Les appréhensions sur la contrebande des gènes originaux tunisiens et la rétractation du rôle de la banque des gènes ont été transmises au directeur général de cette structure, Mbarek Ben Nasser. Il estime qu’il faut promulguer une loi déterminant les circuits de sortie des échantillons vers l’extérieur.

Pour lui, il est aussi nécessaire de créer une commission nationale, regroupant les autorités douanières et présidée par la Banque qui aura pour mission d’octroyer des permis aux chercheurs pour faire sortir vers l’extérieur des échantillons locaux.

Ben Naceur estime que l’action de la BNG a connu une certaine récession après la révolution, au point de ne pas pouvoir récupérer de l’extérieur les variétés locales, signalant que la banque renferme actuellement 40 mille échantillons dont 64% sont des échantillons de variétés céréalières.

Il a fait valoir que l’échec de l’expérience de la culture de certaines variétés locales à Kairouan revient à l’exigence de fournir le financement nécessaire pour les projets réalisés, alors que la banque ne se permet pas d’y investir au vu de la nature de ses activités.

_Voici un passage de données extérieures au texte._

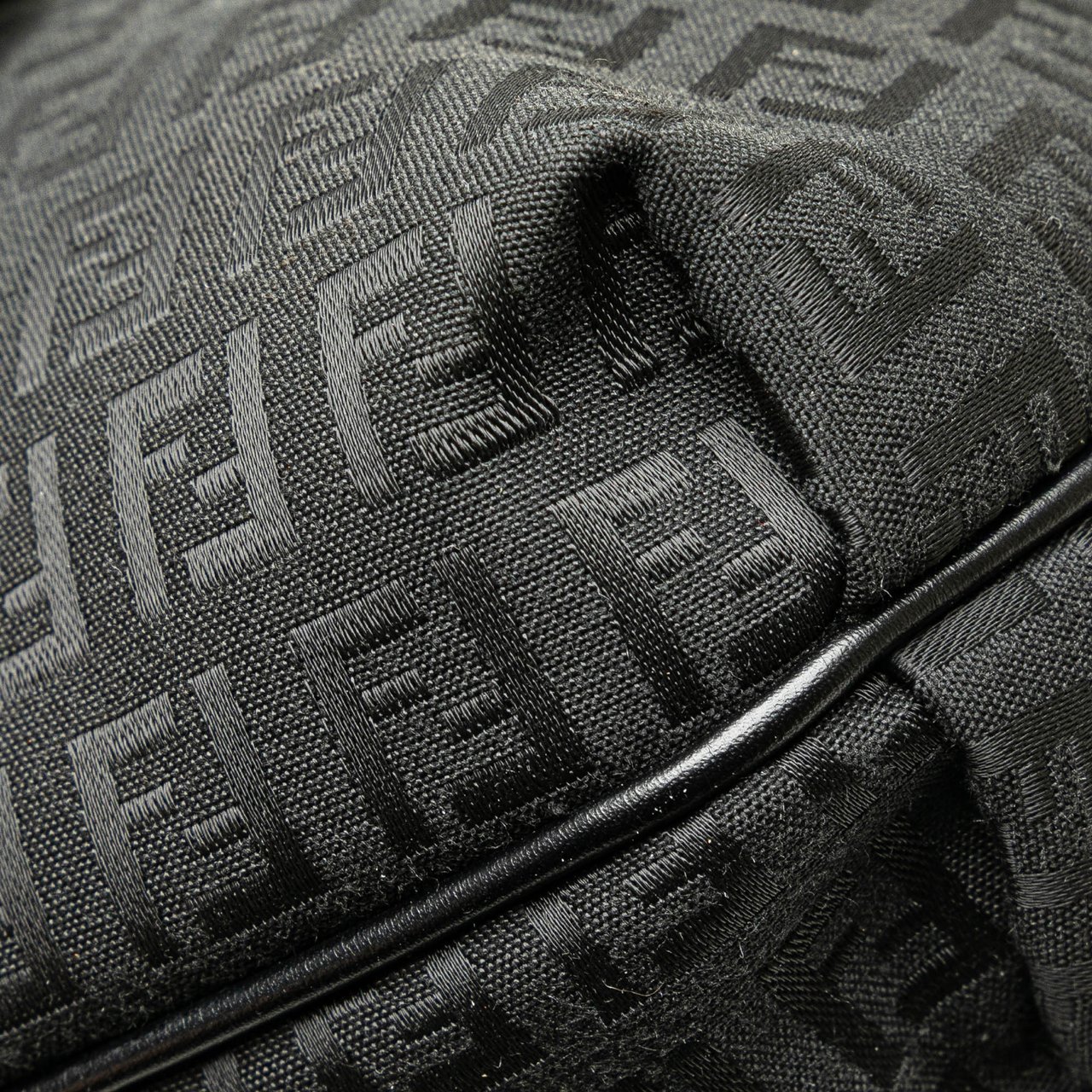 Fendi Zucchino Canvas Crossbody Zwart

L’expert Jemmali voit de son côté que la solution réside dans le développement de l’action de la banque nationale des gènes en la transformant en une institution chargée à la fois de la protection des gènes tunisiens et de la recherche scientifique pour que la banque ne soit pas dépendante des entreprises de recherche internationales et commerciales.

Ben Nasser, lui, a fait savoir que la banque procèdera pendant les cinq prochaines années à un programme de mise à niveau pour se conformer aux normes internationales. Les experts partagent les mêmes avis et pensent que l’agriculture tunisienne reste tributaire de l’importation si le patrimoine de gènes n’est pas développé.

Les Tunisiens, eux, souffriront en conséquence, dans une dizaine de régions, du spectre du chômage si le patrimoine des gènes n’est pas exploité dans le développement d’industries de transformation, capables de conquérir des marchés internationaux. Une question se pose toujours: quand compterons-nous sur nous-mêmes?